Поставив огромную пластинку, Геля устроилась на диване, подобрав под себя ноги и укрыв их клетчатым пледом.
— Хочешь, я расскажу тебе про моего папу. Слушай. — Геля перешла почти на шепот: — Мой папа был замечательный человек. Красивый, смелый и справедливый. Больше всего мы любили оставаться вдвоем, когда мама уезжала в командировку, как сейчас. Тогда он ходил по комнате в толстых шерстяных носках и наслаждался этим. Ведь при маме и при посторонних нельзя ходить по комнате в одних носках! Мы с ним жарили оладьи из сырой тертой картошки. Почему-то он их любил.
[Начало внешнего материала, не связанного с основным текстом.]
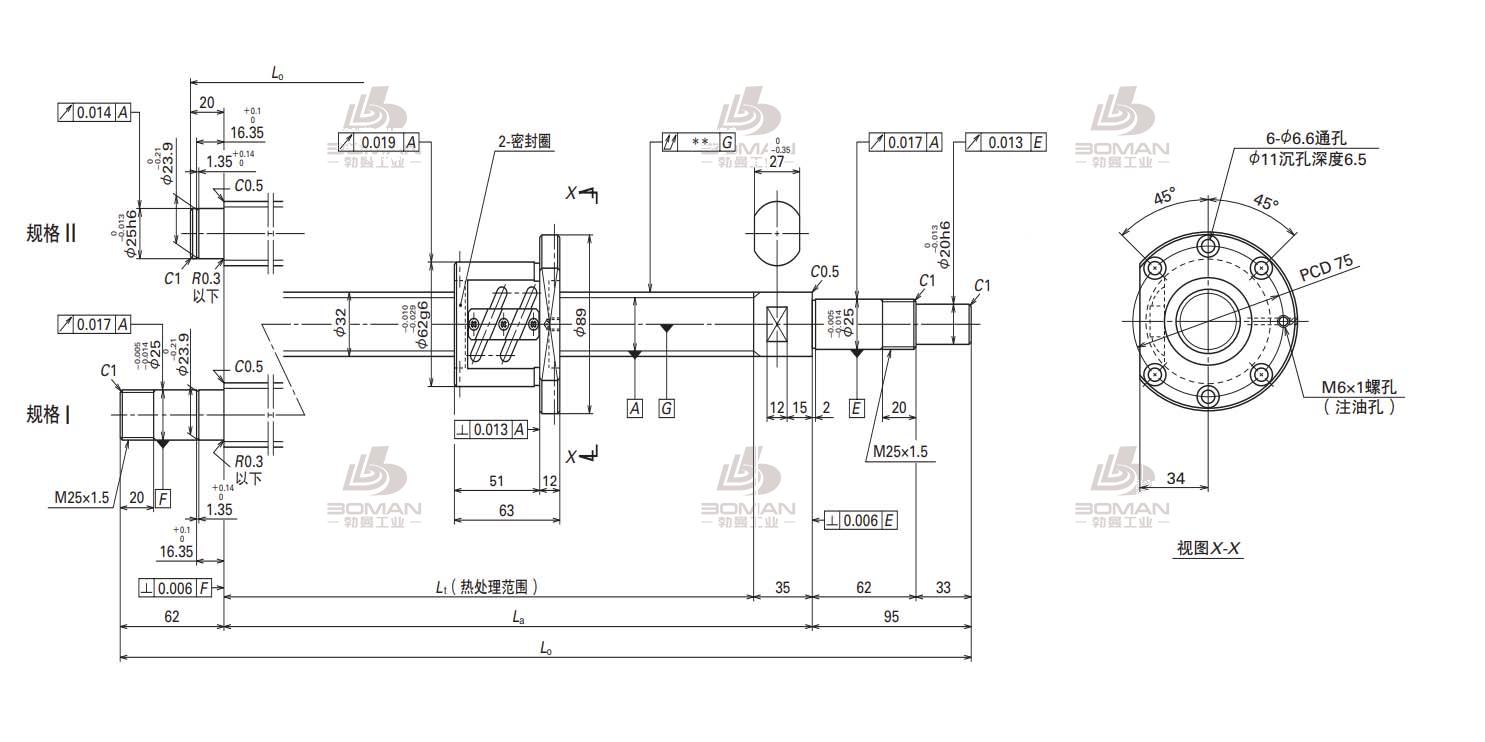 W3207SA-3P-C5Z6-SA标准滚珠丝杠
Кажется, однажды в юности ему пришлось голодать. Тогда по нужде он питался этими оладьями. Все, что связано с юностью, кажется прекрасным, даже картофельные блины. Мне они не очень-то нравились, я предпочла бы конфеты. Но с такой таинственностью мы терли сырую картошку, так священнодействовали над плитой, так нас, двух заговорщиков, это сближало, что я вспоминаю об этом как о самых счастливых минутах.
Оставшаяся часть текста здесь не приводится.